Für Inge Auerbacher gab es im Deutschen Bundestag nach ihrer Rede zum Internationalen Holocaust-Gedenktag stehende Ovationen. 77 Jahre nach der Befreiung von Auschwitz bekunden die Abgeordneten des Deutschen Bundestag und geladene Gäste einmal mehr das „Nie wieder“.

Zugleich ist die Welt alarmiert ob eines drohenden Krieges mitten in Europa. Wieder werfen sich die Akteure gegenseitig vor, einander überfallen zu wollen, mit militärischer Gewalt aufeinander loszugehen. Welch ein Widerspruch zum „Nie wieder“! Wir Deutsche bekunden Bedauern und Reue gegenüber der jüdischen Gemeinschaft. Allzu gerne übersehen wir dabei, dass wir dieses Unrecht nicht aus eigener Kraft beendet haben: Eine Erwähnung der Befreier von Auschwitz, der Roten Armee, wird aus meiner Sicht allzu gerne übergangen – teilweise bewusst unterdrückt. Sollte uns die Erinnerung an die Befreiung von Auschwitz, an das Ende des Vernichtungskriegs gegen Juden, Sinti und Roma, gegen alles „Nicht-Arische“, nicht auch daran erinnern, dass uns auch das russische Volk Vergebung für die 27 Millionen sowjetischen Opfern gewährt? Es gilt längst als eine Selbstverständlichkeit. Wie anders ist zu erklären, dass wir Deutsche Hand in Hand mit unseren „Bündnispartnern“ das über 30 Jahre immer wieder vorgetragene Sicherheitsbedürfnis unseres russischen Nachbarn nicht ernst nehmen, gar ignorieren?

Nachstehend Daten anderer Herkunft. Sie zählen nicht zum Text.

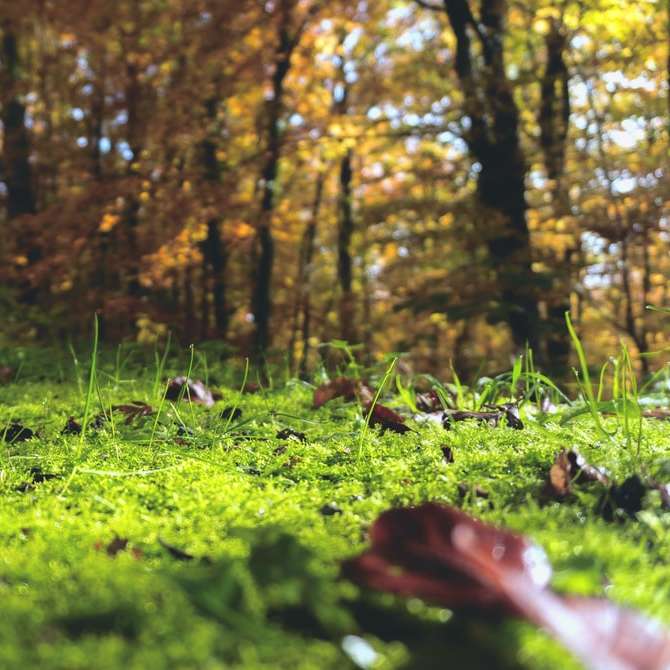 Photographie de mise au point sélective de feuilles fanées sur l'herbe puzzle coulissant en ligne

Stehende Ovationen – ich erinnere der Rede Vladimir Putins im Deutschen Bundestag vom 24. September 2001 – sind nur dann auch ehrliche Anerkennung, wenn sie nicht nur im Orbit verhallen: Sie müssen sich an den Taten messen lassen, die ihnen folgen. Wir sollten hinterfragen, ob wir alles tun, ein „Nie wieder“ als Maß nicht nur vorzugeben, sondern es auch anzuwenden. Dies erwarte ich zuvorderst von den Politikern und den Medien. Sehr oft geben ihre Reden und Schriften den Eindruck, man warte geradezu auf die Gelegenheit, „zurückschießen“ zu dürfen, für sich die „weiße Weste“ in Anspruch nehmen zu können, wenn das Militär den Befehl erhält, gegen den propagierten Feind loszuschlagen.

„Nie wieder“ heißt für mich daher auch, alle Feindbilder aufzulösen und das Nein der westlichen Gemeinschaft zu den Sicherheitsbedürfnissen des russischen Volkes auf den Prüfstand zu stellen. Andernfalls laufen wir Gefahr, beim Beobachten des „Splitters im anderen Auge“ das schnelle Wachsen des „Balkens“ im eigenen nicht wahrzunehmen.